PhD defence Björn Postema

Public PhD Defence
Björn Postema

Title: Energy-Efficient Data Centres: Model-Based Analysis of Power-Performance Trade-Offs

When: On Friday the 21st December 2018 at 10:45.
Where: In Agora of the Vrijhof building.
The defence will be proceeded by a short introduction at 10:30.

Abstract:Nowadays businesses, governments and industries rely heavily on ICT solutions. Since these ICT solutions often have high space, security, availability and performance requirements, data centres provide physical locations to facilitate networks of servers for processing and storage purposes of these ICT solutions. The increasing worldwide energy consumption of data centres has a significant impact on the world's ecosystem through an increase in greenhouse gases for the generation of necessary electricity.

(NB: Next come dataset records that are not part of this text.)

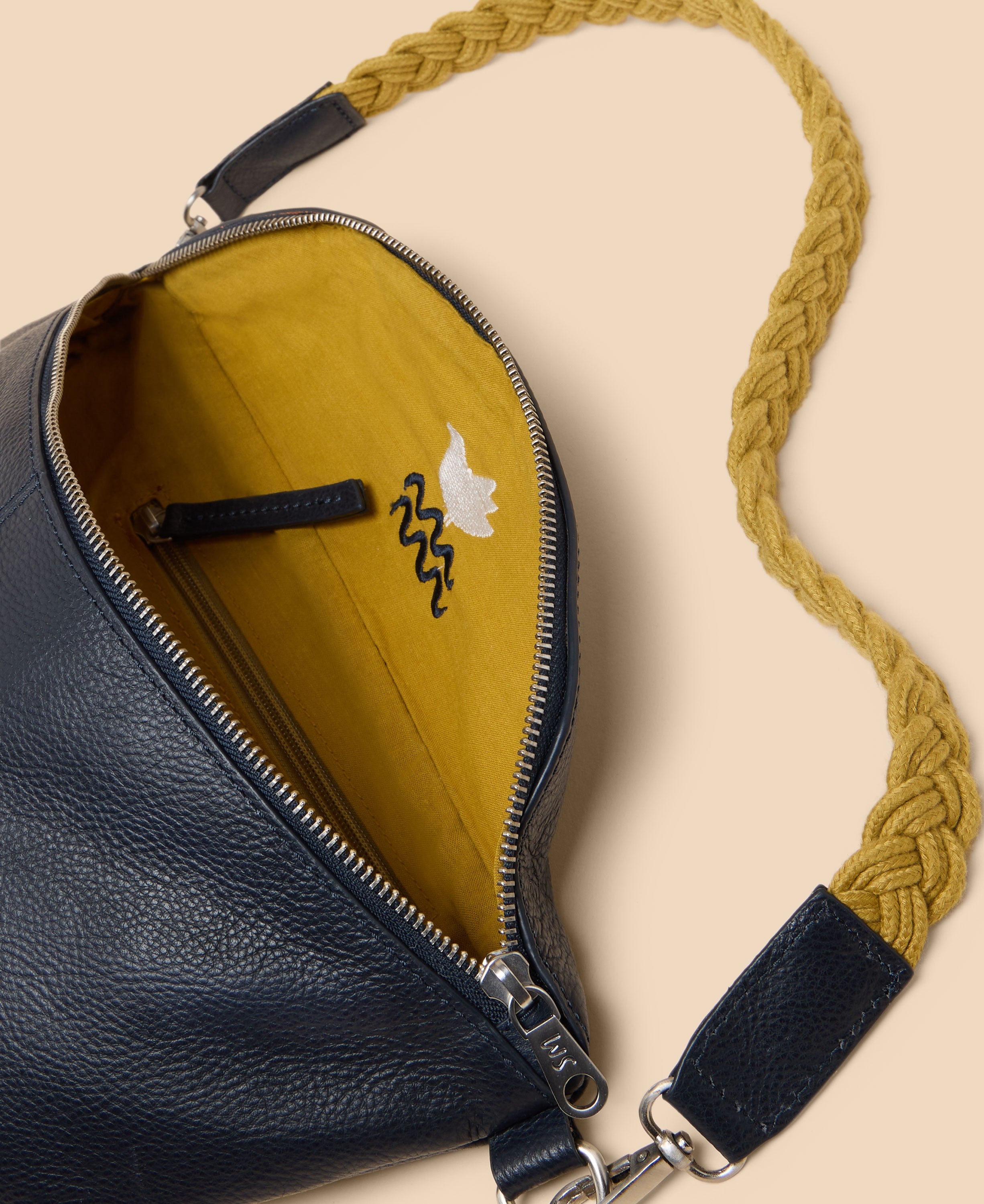 Sebby Leather Sling Bag - Dark Navy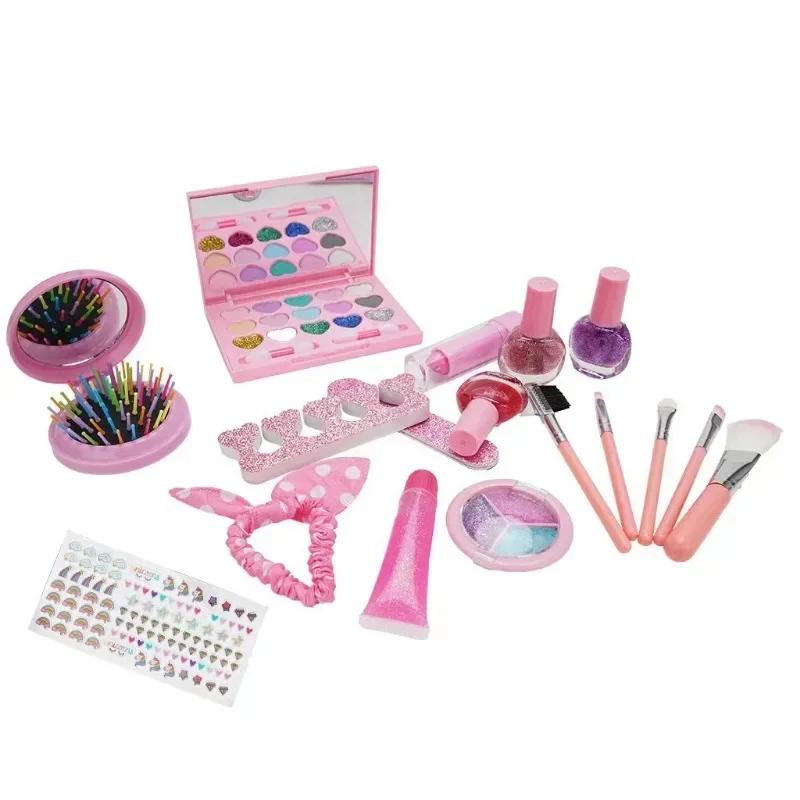 Girls Princess Makeup Kit Washable Pretend Cosmetics Toy Set with Nail Polish Eyeshadow Glittery Bag Gift for Kids Ages 3-6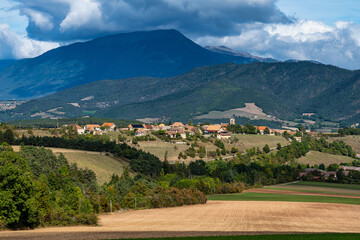 Fototapeta na wymiar Trieves valley with the Vercors mountain range near Bourg Saint Maurice, France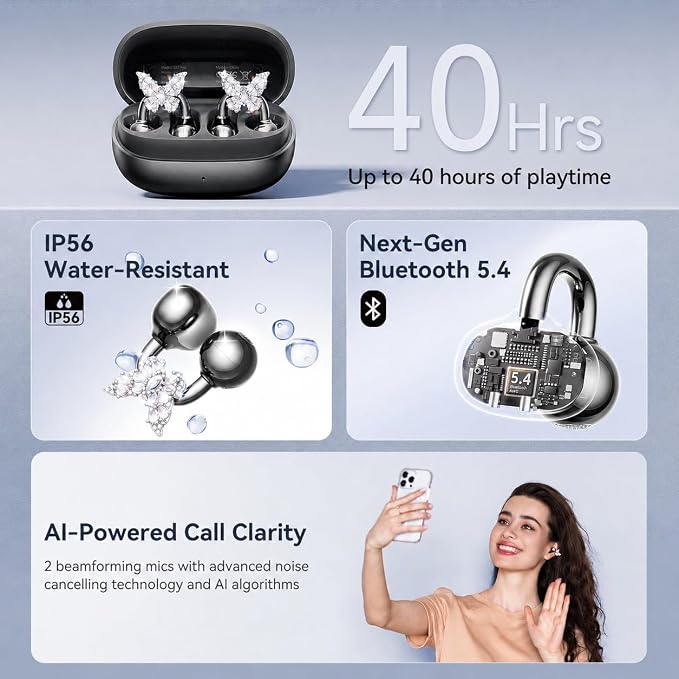 Kinglucky Gen2 Clip-On Earbuds with Butterfly Earrings, Black | Charge & Store Without Removing Earrings, Comfortable Fit, 50H Playtime, Open-Ear Bluetooth Headphones, For Women, Small Ears
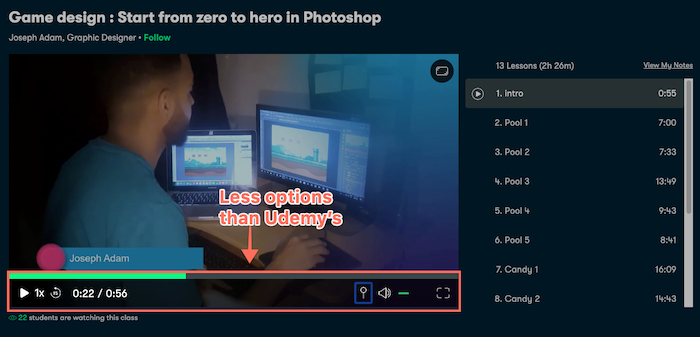 Skillshare video player options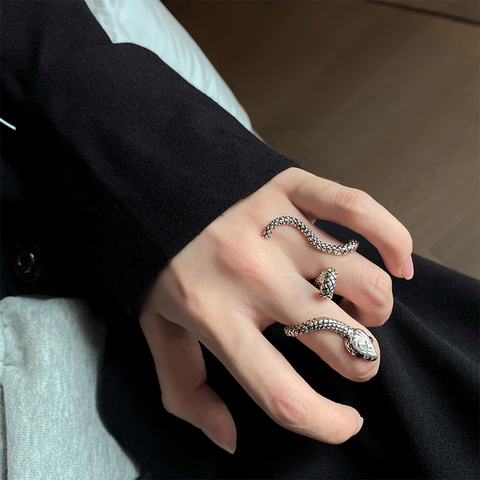 HUANZHI 2022 New Hip Hop Punk Silver Colour Wave Bend  Snake Metal Vintage Finger Ring for Cool Women Girls Jewelry Gifts ► Photo 1/6
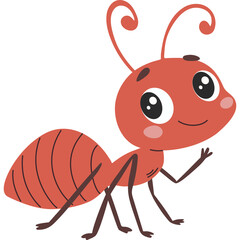 A Friendly Red Ant Character Waving Hello With Big Eyes And A Small Smile On A Transparent Background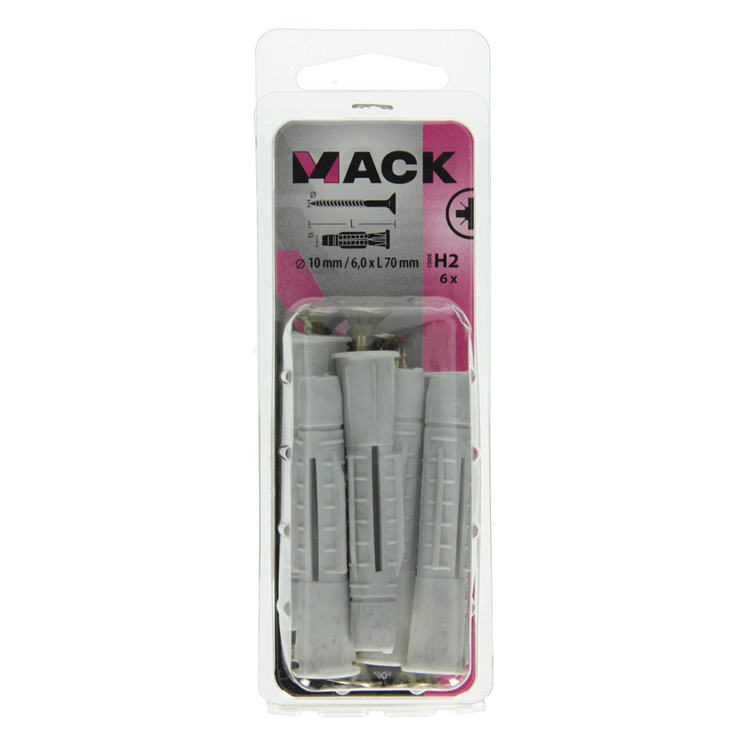 Mack 1017905 - taco universal + tornillo polieth6uds 10mm 6.0x70mm | 5 piezas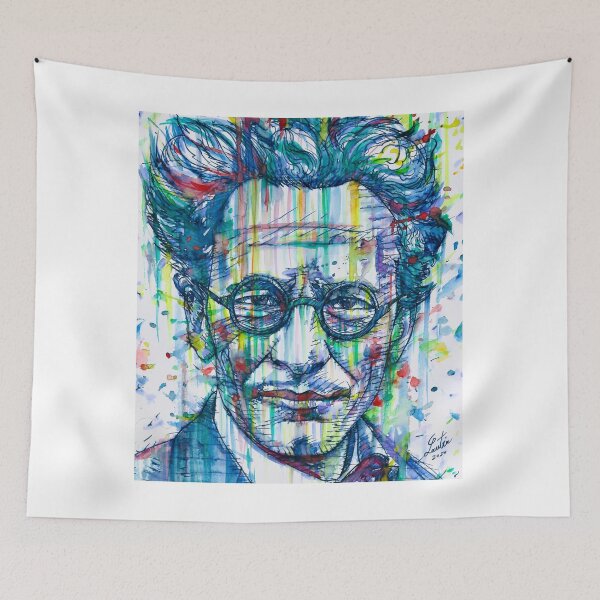 Item preview, ERWIN SCHRODINGER watercolor and ink portrait designed and sold by lautir.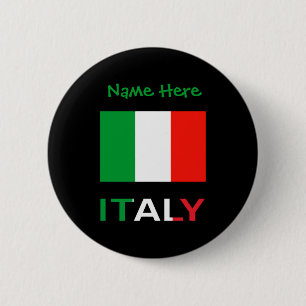Italy And Italian Flag Green Personalization Mens  Button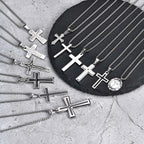 Cross Silver Pendant Necklace — Stainless Steel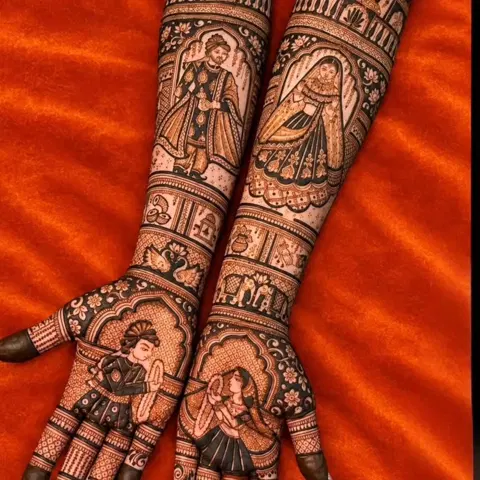 figure full hand mehndi design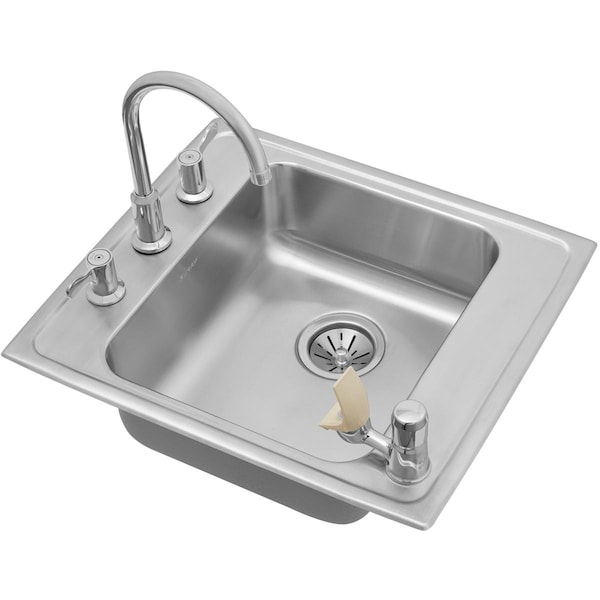 Lustertone Stainless Steel 22X19-1/2X5 Single Bowl Top Mount Classroom Ada Sink + Faucet/Bubbler Kit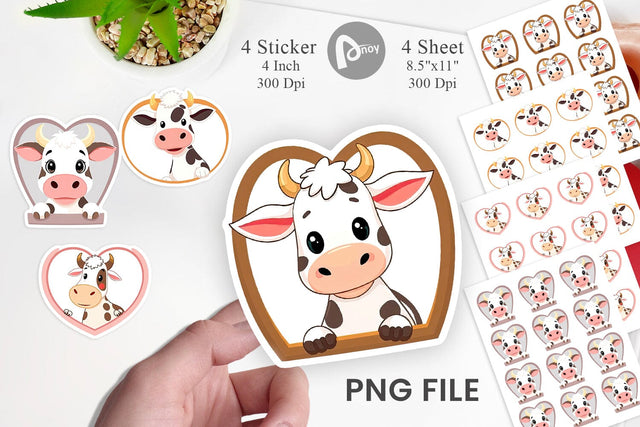 Sticker Heart Cow Sublimation artnoy 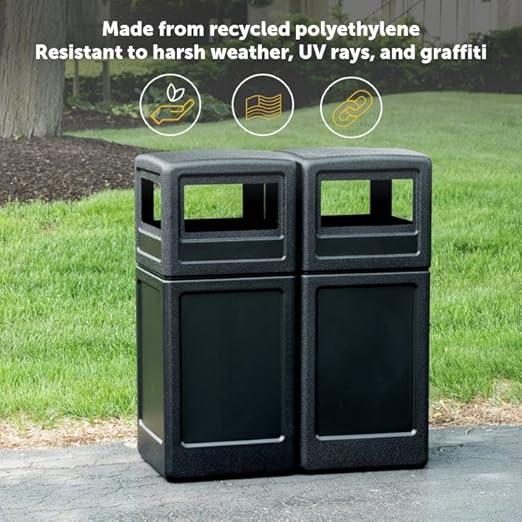 Commercial Zone-73290199 PolyTec 42 Gallon Square Waste Container - Image 3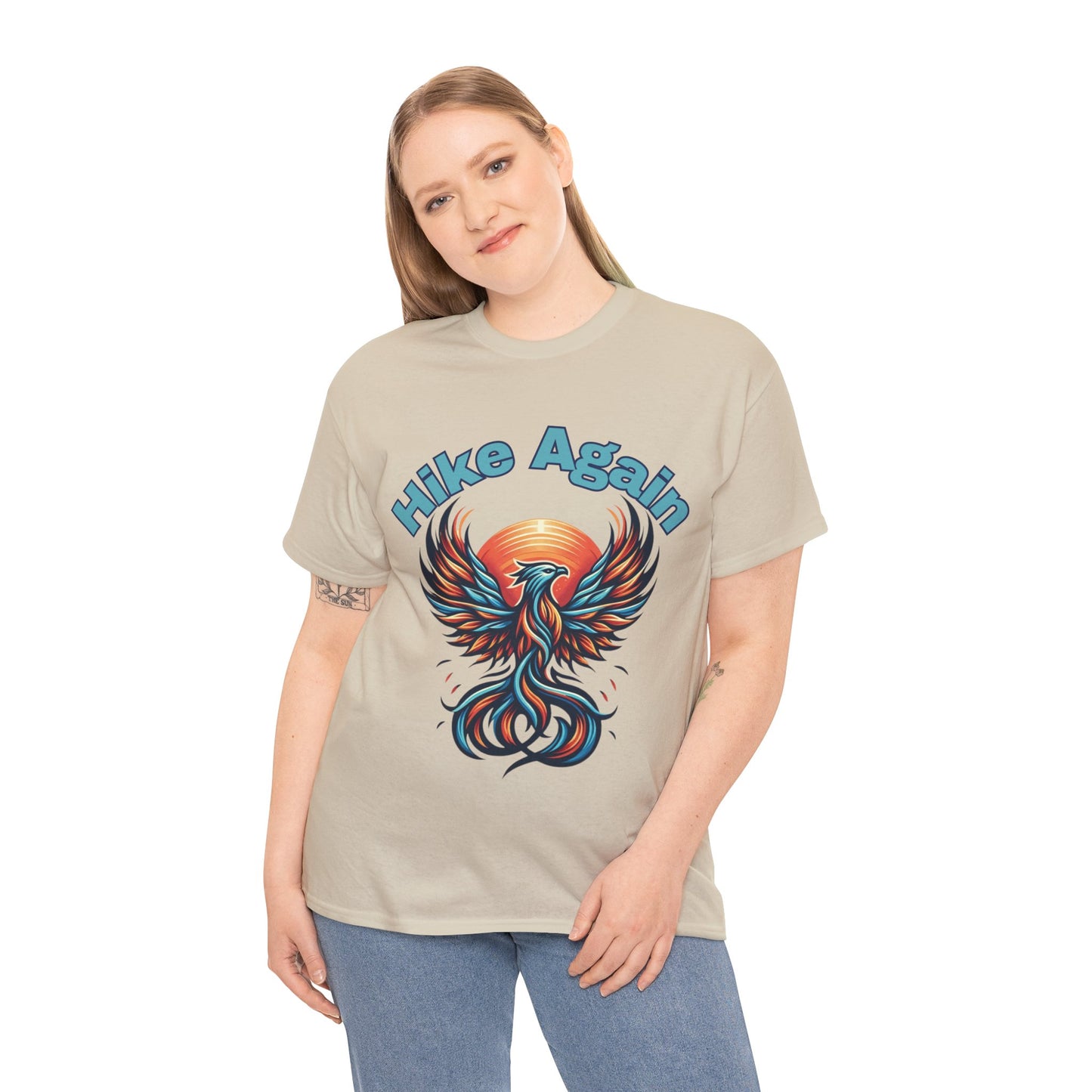Phoenix Rebirth Hiker Tee: Ignite the Trail with "Hike Again" Spirit | Custom Design | Not Sold In Stores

This has led to an increased attention in the global political agenda. Moreover, the high energy consumption in data centres has also led to high operational costs with the consequence that even the smallest improvements in currently active systems could significantly ease the financial burden. These reasons have led to a greater need for energy-efficient data centres.

In this thesis, we propose that model-based analysis of power and performance can assist energy saving techniques with meaningful insights in data centres that strive for energy-efficiency. Therefore, two sets of power and performance models for energy-efficient data centres are proposed and analysed. We show that exchanging power at the expense of performance caused by energy saving techniques can lead to so-called power-performance trade-offs, which offers additional flexibility to data centre design. Consequently, power management is studied by modelling this feature and proposing an evaluation method for power management strategies. Also, the potential of combining power management with advanced cooling is analysed, in order to save even more energy. To determine the degree to which the models correspond to the real world, our models are experimentally validated. For this reason, the simulation models are calibrated with parameters obtained through workload modelling using workload traces from a real data centre. Moreover, a cross-model validation is used to compare power and performance estimates of the same system with two different modelling and analysis techniques. Furthermore, we propose an experimental micro data centre and compare it with a real data centre and apply the experimental setup for validation purposes.